The menu offers creations like the “Carbonara” pizza — tomato sauce, mozzarella, pancetta, sunny-sideup eggs, Parmesan and black pepper. The “Saporita” features tomato sauce, mozzarella, spicy Italian salami, gorgonzola, capers, Kalamata olives and garlic.

From there, the offerings branch out to a number of appetizers, focaccia, bruschetta, salad, panini, woodbaked sandwiches and calzones. Draft and bottled beers, sparkling waters and a selection of wines help push check averages up.

In its review of Spris, Miami.com called the restaurant one of the most popular and affordable dining destinations on trendy Lincoln Road. Isn’t that what pizza is all about, no matter how fancy you decide to get with it?


Also located on Lincoln Road, Sosta Pizzeria Enoteca is another trendy establishment with a typical Miami twist. Here, the pizzas are gourmet and priced to sell. The marinara pie goes for just $8.50, while the house favored Sosta pizza is priced at $15 (sun-dried tomato spreads, mozzarella, burratta cheese, prosciutto).

The unique calling card at Sosta is the dessert menu, which offers everything at the set price of $6.50. In all, eight delectable dishes ranging from cheesecake with strawberry sauce to Pizza alla Nutella tempt sweet-toothed diners. Four dessert wines and an espresso lineup complement the fine finishes and give patrons of Sosta something to write home about.
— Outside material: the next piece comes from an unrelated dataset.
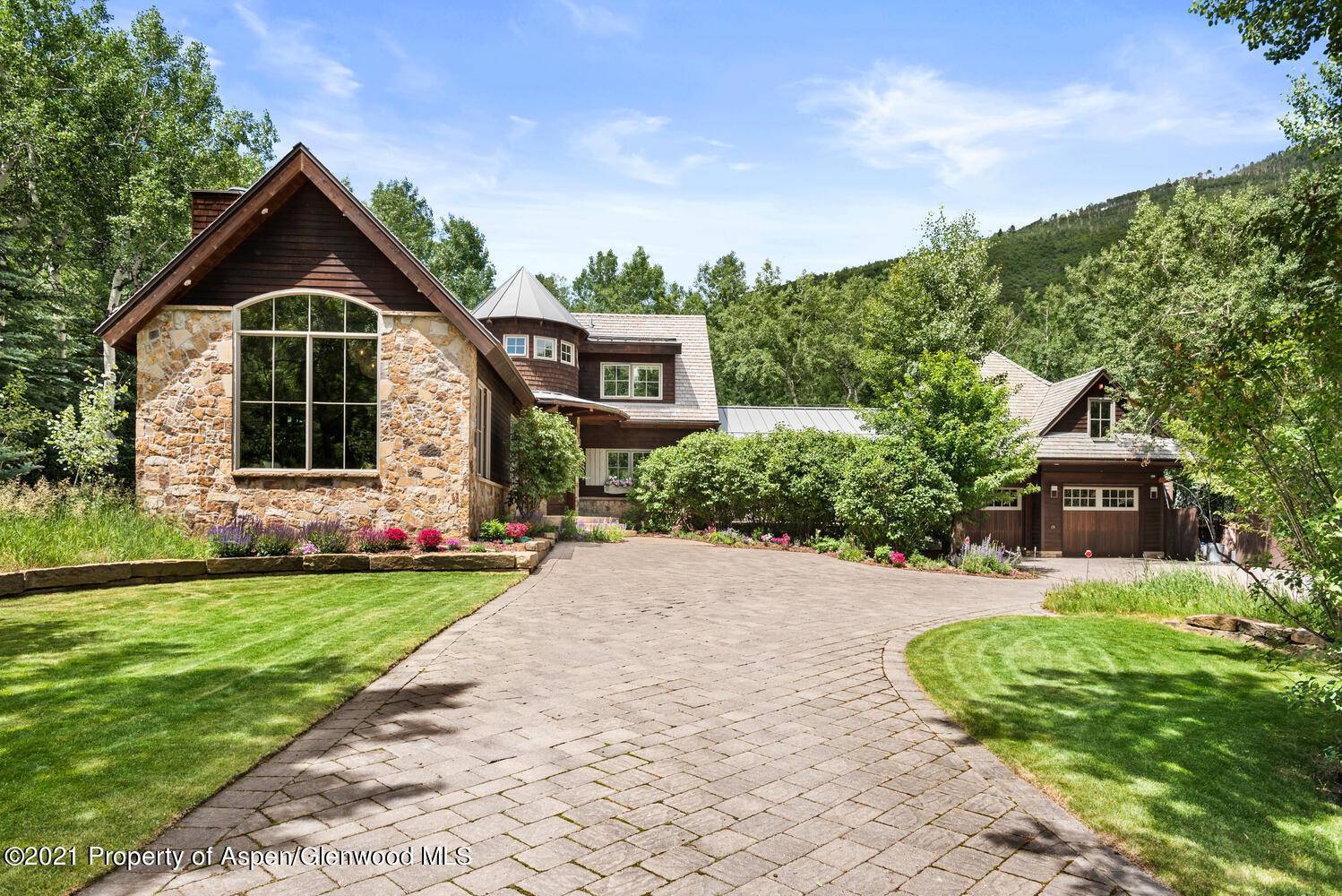 You do not want to miss this private Knollwood retreat.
Plus, the regular wine list is quite extensive for a pizzeria. It features champagne and prosecco, two rose wines and a battery of whites and reds. With selections from around the globe, it’s easy to choose a winner at Sosta.

In a sophisticated, fashionable city like Miami, what else would you expect?


Pizza Rustica also has roots on Lincoln Road in South Beach, but its product differs greatly from the competition. Baked in oversized rectangular pans, the crust here is thicker and the fare is heartier than found elsewhere in the vicinity.



The pies are cut into large rectangular slices and served with toppings piled high. Founder Pino Piroso opened Pizza Rustica in 1996. Since then, the company has expanded to 19 locations throughout the United States and France. There are 10 Pizza Rusticas in Florida, one in Arkansas, three in California, one in Michigan, one in South Carolina and three in Paris, France. Two more stores — one in Texas, one in Ohio — are set to open soon.

Pizza Rustica has gotten its fair share of press over the years. Expect that to continue as the company grows through franchising and expands its presence in both the United States and Europe alike.